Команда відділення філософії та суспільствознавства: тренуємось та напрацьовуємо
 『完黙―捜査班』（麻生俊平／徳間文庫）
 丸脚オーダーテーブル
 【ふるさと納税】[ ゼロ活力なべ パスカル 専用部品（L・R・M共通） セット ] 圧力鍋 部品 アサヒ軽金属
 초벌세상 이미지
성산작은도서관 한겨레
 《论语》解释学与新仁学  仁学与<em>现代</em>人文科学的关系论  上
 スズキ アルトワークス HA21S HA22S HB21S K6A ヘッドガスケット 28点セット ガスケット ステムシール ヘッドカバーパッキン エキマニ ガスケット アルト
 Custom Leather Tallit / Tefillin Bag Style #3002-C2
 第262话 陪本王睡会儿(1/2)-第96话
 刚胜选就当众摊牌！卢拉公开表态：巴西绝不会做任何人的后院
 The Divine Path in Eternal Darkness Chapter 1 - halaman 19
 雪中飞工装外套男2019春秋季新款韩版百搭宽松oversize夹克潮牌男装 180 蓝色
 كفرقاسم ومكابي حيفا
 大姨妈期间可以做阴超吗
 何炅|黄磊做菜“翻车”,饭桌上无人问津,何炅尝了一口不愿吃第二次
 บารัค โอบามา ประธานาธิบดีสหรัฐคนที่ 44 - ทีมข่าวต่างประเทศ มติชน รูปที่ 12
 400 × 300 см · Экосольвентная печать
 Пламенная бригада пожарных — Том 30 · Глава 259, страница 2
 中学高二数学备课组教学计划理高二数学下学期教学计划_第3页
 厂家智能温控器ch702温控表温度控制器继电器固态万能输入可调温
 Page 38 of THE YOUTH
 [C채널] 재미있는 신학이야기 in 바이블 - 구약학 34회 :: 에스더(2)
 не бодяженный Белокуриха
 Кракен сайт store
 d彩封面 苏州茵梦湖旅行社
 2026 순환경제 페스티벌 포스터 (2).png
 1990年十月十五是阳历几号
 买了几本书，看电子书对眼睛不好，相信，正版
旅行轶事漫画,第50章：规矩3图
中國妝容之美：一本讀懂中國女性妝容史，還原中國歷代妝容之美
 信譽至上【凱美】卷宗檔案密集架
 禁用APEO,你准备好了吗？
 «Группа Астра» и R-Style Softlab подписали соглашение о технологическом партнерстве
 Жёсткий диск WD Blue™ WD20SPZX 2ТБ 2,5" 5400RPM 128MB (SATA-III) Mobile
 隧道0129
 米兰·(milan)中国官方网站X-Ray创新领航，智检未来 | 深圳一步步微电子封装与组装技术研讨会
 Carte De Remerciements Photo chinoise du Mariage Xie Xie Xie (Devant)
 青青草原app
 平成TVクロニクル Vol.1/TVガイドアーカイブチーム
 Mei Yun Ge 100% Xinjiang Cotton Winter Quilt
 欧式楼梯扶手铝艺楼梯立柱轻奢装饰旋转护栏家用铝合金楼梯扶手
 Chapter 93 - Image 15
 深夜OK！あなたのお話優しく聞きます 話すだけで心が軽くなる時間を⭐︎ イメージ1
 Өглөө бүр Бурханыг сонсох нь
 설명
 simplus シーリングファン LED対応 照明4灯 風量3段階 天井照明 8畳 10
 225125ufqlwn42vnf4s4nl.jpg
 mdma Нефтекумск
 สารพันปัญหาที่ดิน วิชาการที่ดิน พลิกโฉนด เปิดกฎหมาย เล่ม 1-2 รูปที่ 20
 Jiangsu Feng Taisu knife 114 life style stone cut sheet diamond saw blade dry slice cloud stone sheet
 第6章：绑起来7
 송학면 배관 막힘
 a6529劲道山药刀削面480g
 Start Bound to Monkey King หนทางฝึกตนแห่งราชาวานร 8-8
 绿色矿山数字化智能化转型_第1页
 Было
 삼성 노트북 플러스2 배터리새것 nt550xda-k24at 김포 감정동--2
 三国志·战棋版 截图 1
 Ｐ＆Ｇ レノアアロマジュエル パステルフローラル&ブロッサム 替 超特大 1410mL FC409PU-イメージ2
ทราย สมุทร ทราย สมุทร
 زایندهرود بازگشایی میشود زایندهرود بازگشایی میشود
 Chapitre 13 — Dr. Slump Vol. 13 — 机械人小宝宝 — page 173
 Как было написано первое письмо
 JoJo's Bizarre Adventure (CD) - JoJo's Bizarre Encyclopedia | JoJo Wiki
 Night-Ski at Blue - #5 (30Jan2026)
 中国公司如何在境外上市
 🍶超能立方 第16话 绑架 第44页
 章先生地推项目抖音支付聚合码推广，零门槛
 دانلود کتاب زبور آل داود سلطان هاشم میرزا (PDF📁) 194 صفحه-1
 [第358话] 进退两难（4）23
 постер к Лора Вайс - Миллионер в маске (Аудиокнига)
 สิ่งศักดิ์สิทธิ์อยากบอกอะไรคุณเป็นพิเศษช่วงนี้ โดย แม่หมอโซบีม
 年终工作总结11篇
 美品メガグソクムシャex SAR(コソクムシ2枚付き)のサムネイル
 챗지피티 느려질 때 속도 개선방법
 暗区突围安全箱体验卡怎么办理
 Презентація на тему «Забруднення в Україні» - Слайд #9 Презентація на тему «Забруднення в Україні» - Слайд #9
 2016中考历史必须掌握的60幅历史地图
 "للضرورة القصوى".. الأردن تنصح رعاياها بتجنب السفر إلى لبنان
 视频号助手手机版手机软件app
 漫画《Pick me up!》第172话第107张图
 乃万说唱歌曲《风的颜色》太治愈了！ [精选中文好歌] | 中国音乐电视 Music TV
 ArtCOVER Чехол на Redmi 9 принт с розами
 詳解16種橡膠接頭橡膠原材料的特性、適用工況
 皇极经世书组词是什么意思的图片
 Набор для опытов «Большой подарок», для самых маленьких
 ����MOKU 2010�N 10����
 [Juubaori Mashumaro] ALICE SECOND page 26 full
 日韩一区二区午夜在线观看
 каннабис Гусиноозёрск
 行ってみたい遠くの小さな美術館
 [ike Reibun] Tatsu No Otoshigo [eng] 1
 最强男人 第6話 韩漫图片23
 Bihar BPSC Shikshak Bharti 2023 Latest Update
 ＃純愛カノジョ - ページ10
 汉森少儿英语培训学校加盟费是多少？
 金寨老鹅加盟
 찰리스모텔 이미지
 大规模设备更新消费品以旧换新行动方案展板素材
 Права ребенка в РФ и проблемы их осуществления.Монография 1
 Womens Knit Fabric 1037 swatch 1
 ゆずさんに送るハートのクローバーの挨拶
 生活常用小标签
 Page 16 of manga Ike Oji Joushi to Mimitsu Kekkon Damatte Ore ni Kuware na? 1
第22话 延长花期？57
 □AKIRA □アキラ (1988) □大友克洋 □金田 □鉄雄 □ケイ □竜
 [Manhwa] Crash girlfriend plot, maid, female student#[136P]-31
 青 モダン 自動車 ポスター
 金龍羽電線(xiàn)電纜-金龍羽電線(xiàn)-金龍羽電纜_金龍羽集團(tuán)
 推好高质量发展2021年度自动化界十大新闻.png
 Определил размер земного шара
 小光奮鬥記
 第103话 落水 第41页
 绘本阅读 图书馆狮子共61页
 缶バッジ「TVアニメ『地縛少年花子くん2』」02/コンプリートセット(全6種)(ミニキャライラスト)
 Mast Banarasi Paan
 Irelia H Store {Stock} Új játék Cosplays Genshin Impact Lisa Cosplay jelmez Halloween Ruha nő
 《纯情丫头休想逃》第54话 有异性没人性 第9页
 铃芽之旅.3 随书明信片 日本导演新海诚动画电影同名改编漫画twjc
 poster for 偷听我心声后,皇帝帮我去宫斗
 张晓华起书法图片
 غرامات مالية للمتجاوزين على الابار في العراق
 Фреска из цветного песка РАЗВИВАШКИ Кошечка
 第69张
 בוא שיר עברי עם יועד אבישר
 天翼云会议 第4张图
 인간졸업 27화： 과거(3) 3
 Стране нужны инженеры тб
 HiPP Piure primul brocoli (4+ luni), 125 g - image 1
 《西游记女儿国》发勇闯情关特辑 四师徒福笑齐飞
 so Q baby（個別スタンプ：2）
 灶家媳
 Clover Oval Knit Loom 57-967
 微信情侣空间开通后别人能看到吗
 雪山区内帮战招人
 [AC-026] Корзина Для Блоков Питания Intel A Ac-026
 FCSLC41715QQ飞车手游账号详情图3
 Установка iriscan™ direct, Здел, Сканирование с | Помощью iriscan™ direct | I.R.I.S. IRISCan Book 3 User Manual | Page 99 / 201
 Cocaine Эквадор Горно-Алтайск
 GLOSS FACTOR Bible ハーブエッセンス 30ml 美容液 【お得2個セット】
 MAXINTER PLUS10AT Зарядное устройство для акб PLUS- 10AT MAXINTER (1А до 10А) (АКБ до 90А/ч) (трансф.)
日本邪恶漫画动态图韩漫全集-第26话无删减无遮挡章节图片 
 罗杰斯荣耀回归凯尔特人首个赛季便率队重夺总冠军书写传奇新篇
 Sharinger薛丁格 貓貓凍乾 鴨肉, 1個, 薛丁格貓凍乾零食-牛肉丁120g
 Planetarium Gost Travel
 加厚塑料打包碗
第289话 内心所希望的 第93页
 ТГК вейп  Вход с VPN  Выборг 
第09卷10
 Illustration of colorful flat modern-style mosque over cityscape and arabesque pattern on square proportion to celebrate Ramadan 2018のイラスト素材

════════════════════

**ACTION ITEM:** In the listing above, the line with "罗杰斯荣耀回归凯尔特人首个赛季便率队重夺总冠军书写传奇新篇" and every line after it must be set down word for word, and no other line.

**TASK RESPONSE:**
 罗杰斯荣耀回归凯尔特人首个赛季便率队重夺总冠军书写传奇新篇
 Sharinger薛丁格 貓貓凍乾 鴨肉, 1個, 薛丁格貓凍乾零食-牛肉丁120g
 Planetarium Gost Travel
 加厚塑料打包碗
第289话 内心所希望的 第93页
 ТГК вейп  Вход с VPN  Выборг 
第09卷10
 Illustration of colorful flat modern-style mosque over cityscape and arabesque pattern on square proportion to celebrate Ramadan 2018のイラスト素材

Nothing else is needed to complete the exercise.